AnvilGraph $\rightarrow$ AnvilGraph: It is possible to transform AnvilGraphs into other AnvilGraphs. Their purpose is to change the functionality of the code. At the time of writing, there is essentially only one such transformation, namely backward-mode automatic differentiation via gradient().
AnvilGraph $\rightarrow$ Executable: In order to perform the actual computation, the AnvilGraph needs to be converted into an executable. Currently, we only support the XLA backend (via stablehlo and pjrt), but we are working on an experimental quickr backend.

Tracing R Functions into Graphs

All functionality in the {anvil} package is centered around the anvil::Graph class. While it is in principle possible to create AnvilGraphs by hand, these are usually created by tracing R functions. In general, when we want to convert some code into another form (in our case, R Code into a AnvilGraph), there are two approaches:

Static analysis, which would require operating on the abstract syntax tree (AST) of the code.
Dynamic analysis (aka “tracing”), which executes the code and records selected operations.

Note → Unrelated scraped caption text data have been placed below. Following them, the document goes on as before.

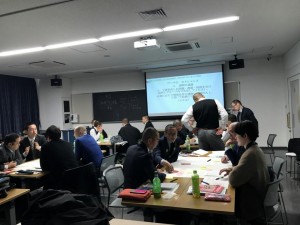 H30　2月総合研修会 (3)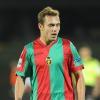 Triestina, ufficiale Di Livio: l’ex Ternana riparte da Trieste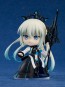 Good Smile Company Nendoroid Berserker/Morgan (Fate/Grand Order) (Rerelease), GSC65453, by GOOD SMILE COMPANY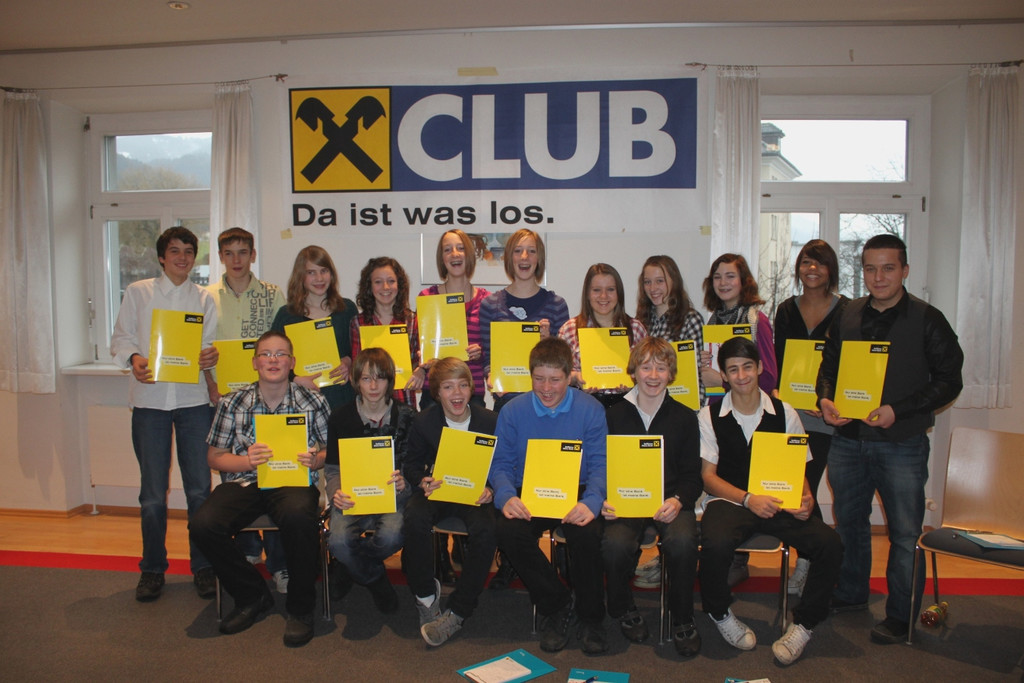 RAIBA Bewerbung 4 C 13-01-2011 _1__jpg-1295447750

The former approach is followed by the {quickr} package, while we go with tracing. We start with a simple, yet illustrative example that either adds or multiplies two inputs x and y depending on the value of op.

library(anvil)
f <- function(x, y, op) {
  if (op == "add") {
    nv_add(x, y)
  } else if (op == "mul") {
    nv_mul(x, y)
  } else {
    stop("Unsupported operation")
  }
}

To do this, we use anvil::trace_fn(), which takes in an R function and a list of AbstractTensor inputs that specify the types of the inputs.

aten <- nv_aten("f32", c())
aten

## AbstractTensor(dtype=f32, shape=)

graph <- trace_fn(f, list(x = aten, y = aten, op = "mul"))
graph

## <AnvilGraph>
##   Inputs:
##     %x1: f32[]
##     %x2: f32[]
##   Body:
##     %1: f32[] = mul(%x1, %x2)
##   Outputs:
##     %1: f32[]

The output of trace_fn() is now a AnvilGraph object that represents the computation. The fields of the AnvilGraph are:

inputs, which are GraphNodes that represent the inputs to the function.
outputs, which are GraphNodes that represent the outputs of the function.
calls, which are PrimitiveCalls that take in GraphNodes (and parameters) and produce output GraphNodes.
in_tree, out_tree, which we will cover later (do we??)

What happens during trace_fn() is that a new GraphDescriptor is created and the inputs x and y are converted into anvil::GraphBox objects. Then, the function f is simply evaluated with the GraphBox objects as inputs. During this evaluation, we need to distinguish between two cases:

A “standard” R function is called: Here, nothing special happens and the function is simply evaluated.
An anvil function is called: Here, the operation that underlies the function is recorded in the GraphDescriptor.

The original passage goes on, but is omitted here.